◆ Exercise requirements:
Take the lines from the one with "Rented by Compass | media 26" through the end of the material below and repeat them exactly, dropping every picture.

◆ Provided material:
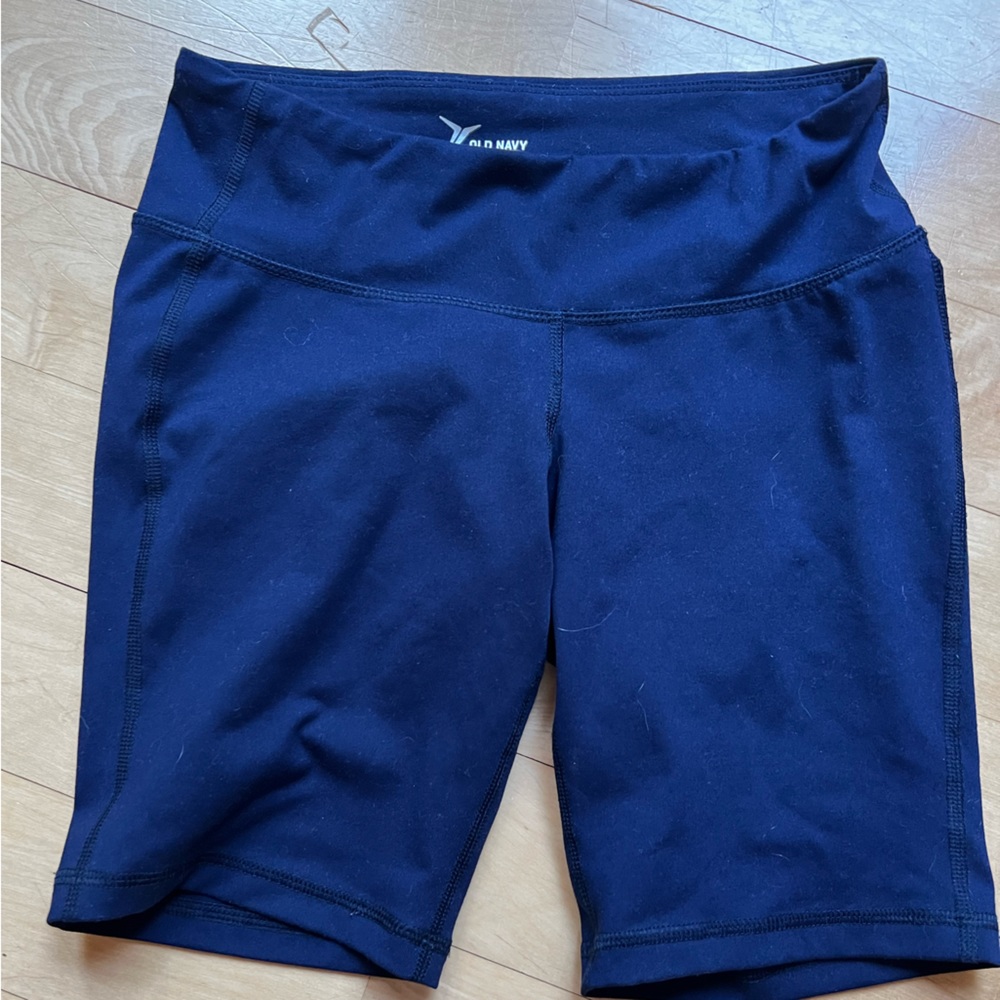 Old Navy active wear, workout shorts. Size small. Great condition.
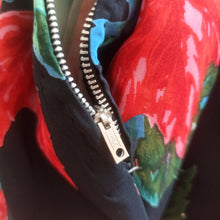 Charger l'image dans la galerie, 1950s - Stunning Black Autumn Leaves Couture Dress - W24 (60cm)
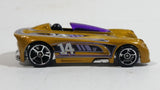 2009 Hot Wheels Connect Cars: Track Legends Monoposto Gold Die Cast Toy Car Vehicle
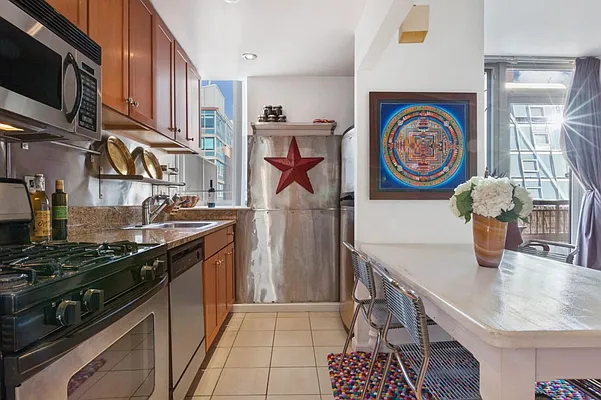 Rented by Compass | media 26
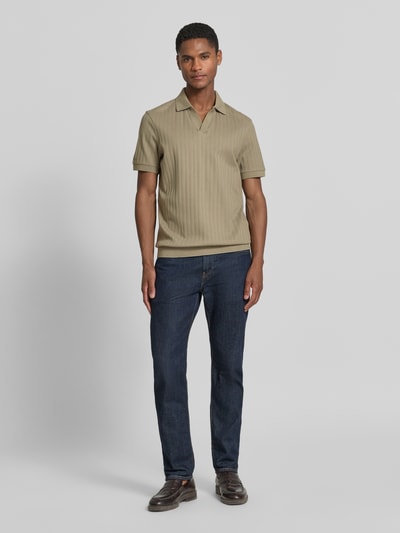 Männermodel trägt Regular Fit Poloshirt mit V-Ausschnitt Modell 'Baronito' von JOOP! Collection, Reine Baumwolle, Strukturmuster, Ganzkörperansicht von vorne.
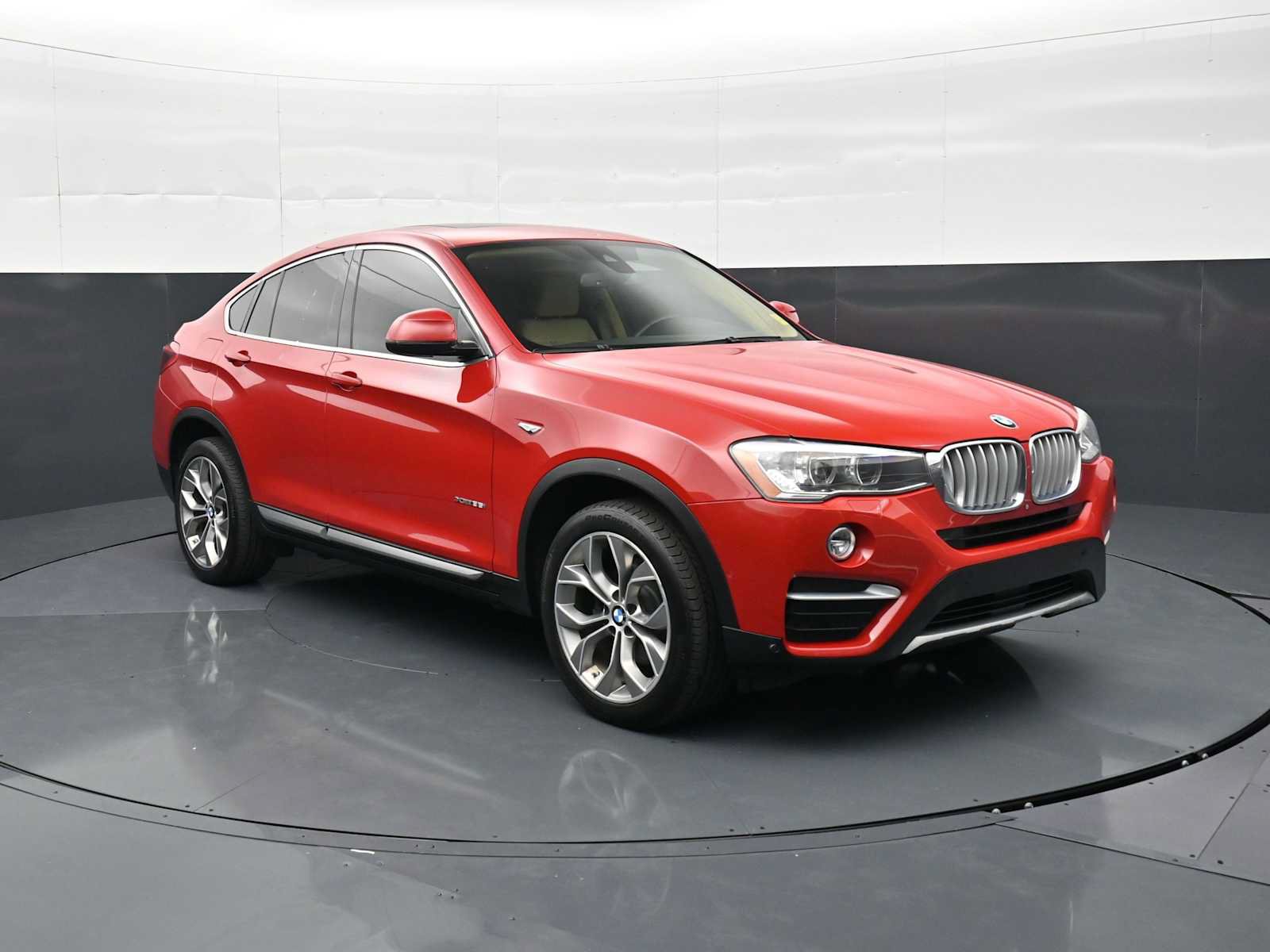 Used 2016 BMW X4 xDrive35i AWD/4WD image 3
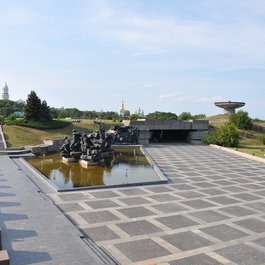 Motherland Monument, Kyiv (Kiev) Photo #9 by Jorge Láscar from flickr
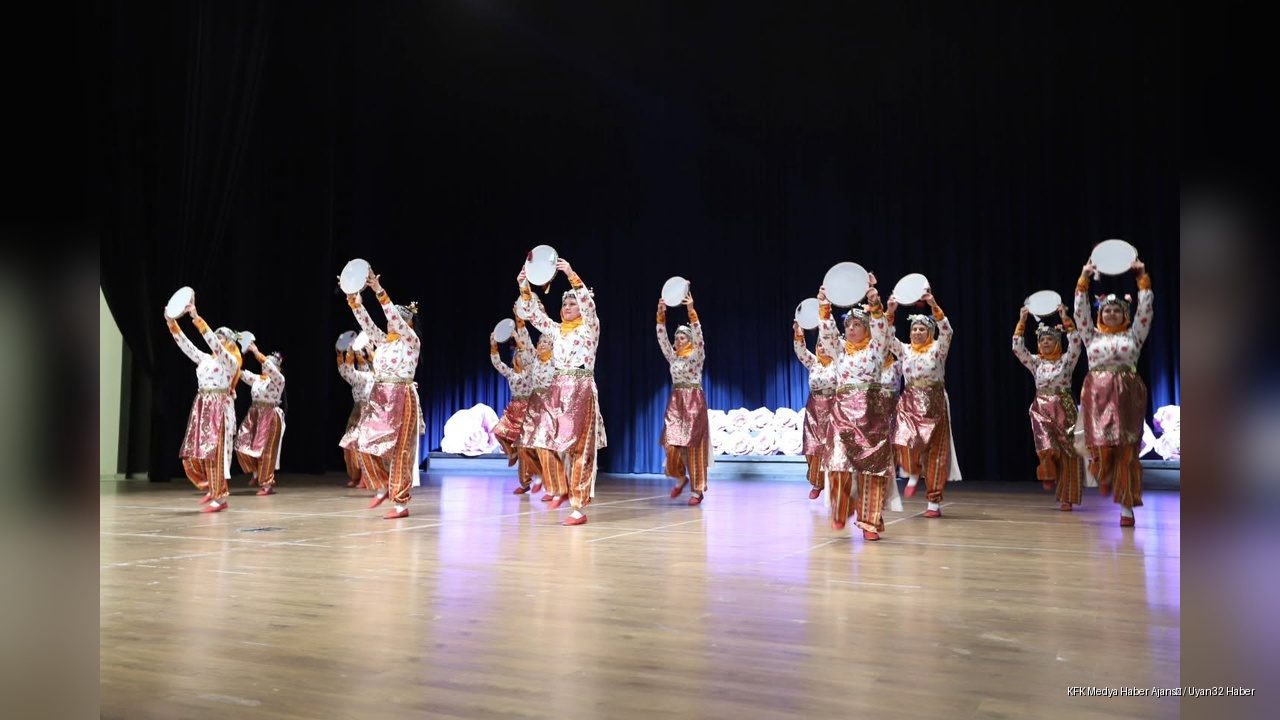 Gül Festivali Resim Yarışmasında Ödüller Sahiplerini Buldu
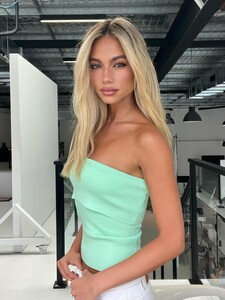 [2026.01.20] ellaayalon_619748368_18554370613005827_4460951063520342111_n.jpg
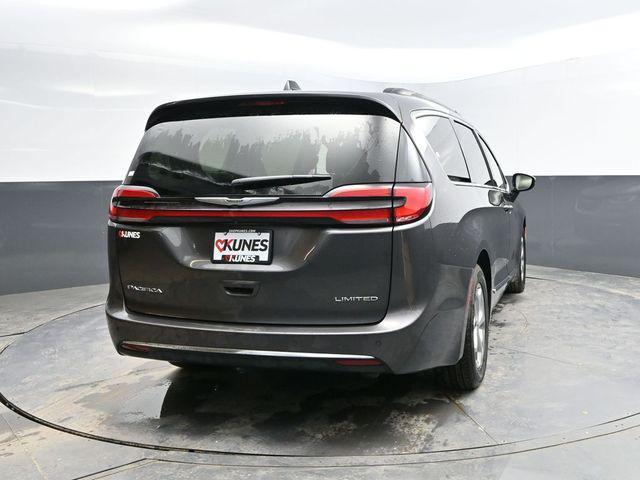 used 2023 Chrysler Pacifica car, priced at $26,998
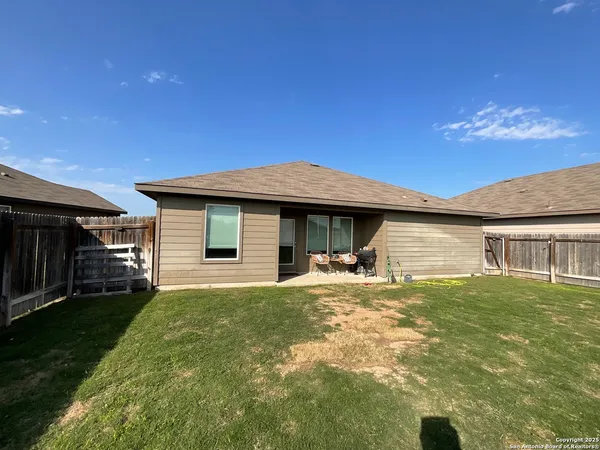 $1,750 | 2118 Silver Maple, New Braunfels, TX 78130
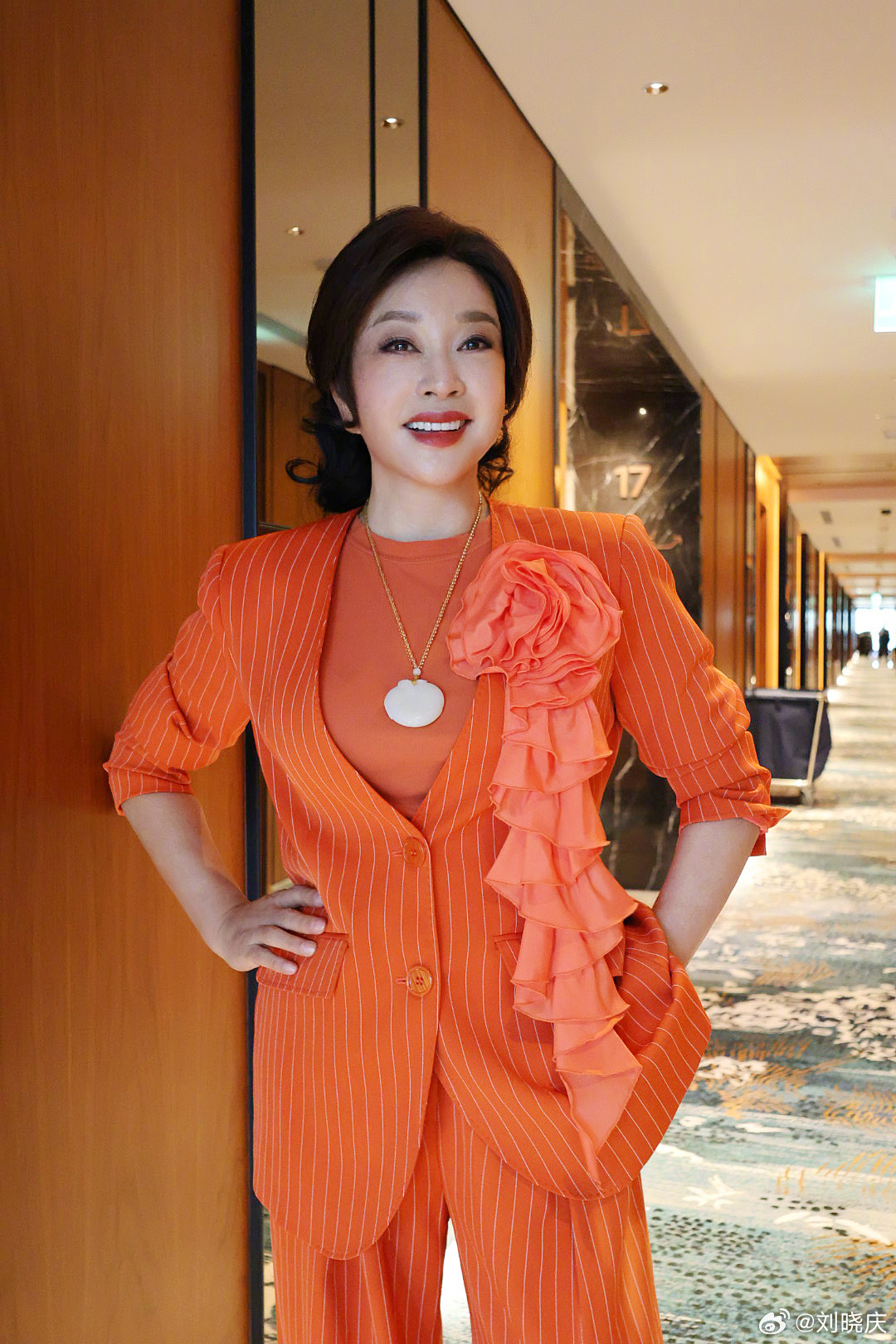 Phim ngôn tình mới khởi quay đã bị chê tan nát, nữ chính hơn nam chính 38 tuổi quá sốc- Ảnh 4. Phim ngôn tình mới khởi quay đã bị chê tan nát, nữ chính hơn nam chính 38 tuổi quá sốc- Ảnh 4.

◆ Written solution:
 Rented by Compass | media 26
 Männermodel trägt Regular Fit Poloshirt mit V-Ausschnitt Modell 'Baronito' von JOOP! Collection, Reine Baumwolle, Strukturmuster, Ganzkörperansicht von vorne.
 Used 2016 BMW X4 xDrive35i AWD/4WD image 3
 Motherland Monument, Kyiv (Kiev) Photo #9 by Jorge Láscar from flickr
 Gül Festivali Resim Yarışmasında Ödüller Sahiplerini Buldu
 [2026.01.20] ellaayalon_619748368_18554370613005827_4460951063520342111_n.jpg
 used 2023 Chrysler Pacifica car, priced at $26,998
 $1,750 | 2118 Silver Maple, New Braunfels, TX 78130
 Phim ngôn tình mới khởi quay đã bị chê tan nát, nữ chính hơn nam chính 38 tuổi quá sốc- Ảnh 4. Phim ngôn tình mới khởi quay đã bị chê tan nát, nữ chính hơn nam chính 38 tuổi quá sốc- Ảnh 4.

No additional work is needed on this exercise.